One moment you’re sitting with family eating macaroni and cheese and the next moment your three year old is looking up at you with his wide eyes asking, in all sincerity, for you to save the world. Oh, oh, oh, if only I could. “Save the world, Mama. You have to save the world.”
Yet again, the humbling nature of motherhood almost brings me to my knees. My beautiful boy, my mischievous wonder, honest to goodness thinks it is within my capacity to save this broken world of ours. How long will it be until he realizes that world salvation is just a wee bit above my pay grade? And how crushed will he be when he learns the truth about his mama’s limitations?
When I am faced with one of these moments of clarity — when a child you are raising reveals the naive, but sweet belief that you can fix anything, that you can save everything, that you are the stars and moon and sun all rolled into a mom sized package, my first response is to run and hide, as I become fairly riddled with the weight of my glaring inadequacies when faced with the pure and unconditional awe in which my child holds me.
Sweet boy, if I could save the world, I would, for you and every other child who looks into his mama’s eyes the way you do mine. No one would be hungry, no one would be sick, no one would be abused, no one would be homeless. There would be no war, no guns, no politics, no mental illness, no bigotry, no racism, no fear, no hate, and just for good measure, no dirty laundry, either.
Wouldn’t that be grand? Alas, I am mortal, I am simply mom.
But my boy had a plan that made perfect sense, in a three year old kind of way. “The sky is where the peace is, Mama. We can pull the peace down and all be powered by peace.” I reached up at the dinner table, but my arms were stupidly short. They didn’t even reach the ceiling, let alone the sky.
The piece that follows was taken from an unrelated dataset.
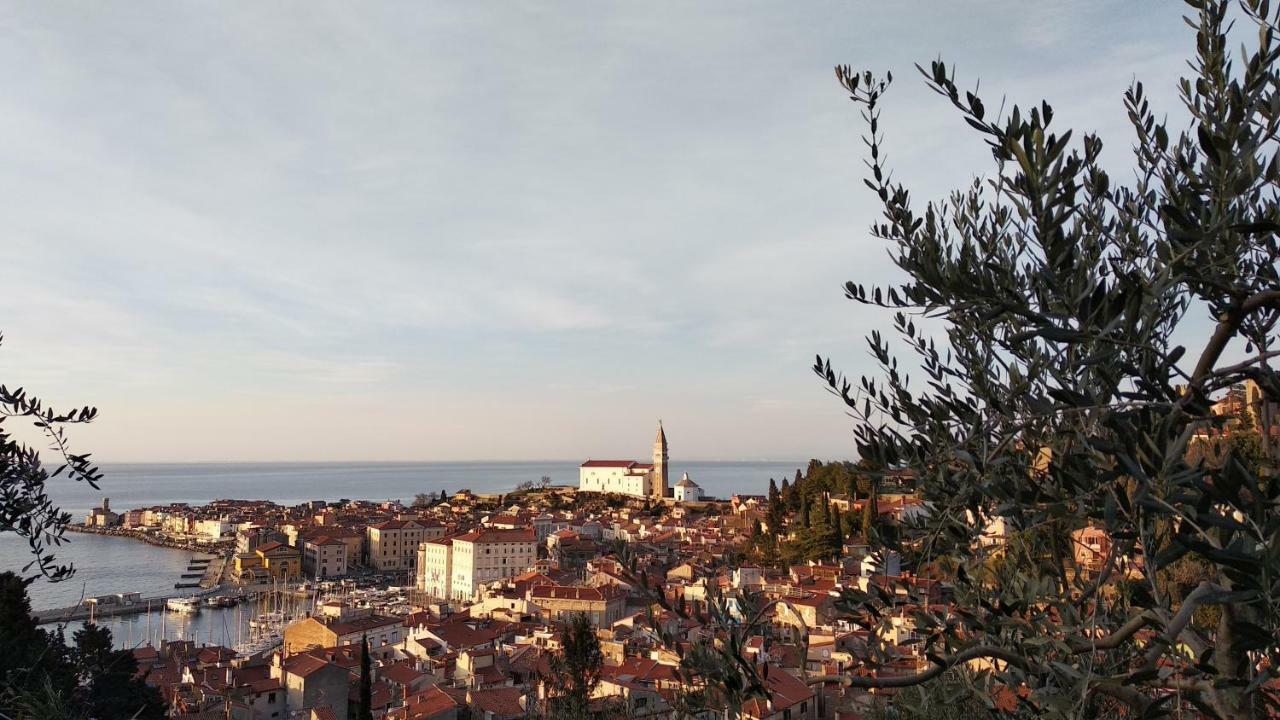 Appartement Apartma Marinka à Piran Extérieur photo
That image and idea of a vast supply of peace being warehoused up in the sky is a lovely one, though, isn’t it?
My three year old son loves superheroes and his plea for me to save the world gives every indication that he thinks of his mama as some type of superhero, akin to Wonder Woman. I am his Wonder Woman. The time in which my kids think of me this way is fleeting, I know, but as Peter Parker said, “With great power comes great responsibility.” We must never abuse that love and faith our children gift us with every day.
As a mom, I can’t save the world. I can’t pull peace out of the sky when the situations calls for it. What I can do, what is within my pay grade and sometimes meager capacities, is to try my best to protect him, to save him from life’s cruelties, to make his little three year old world one of peace and kindness.
Doing these things is as close to being a superhero as I will ever get.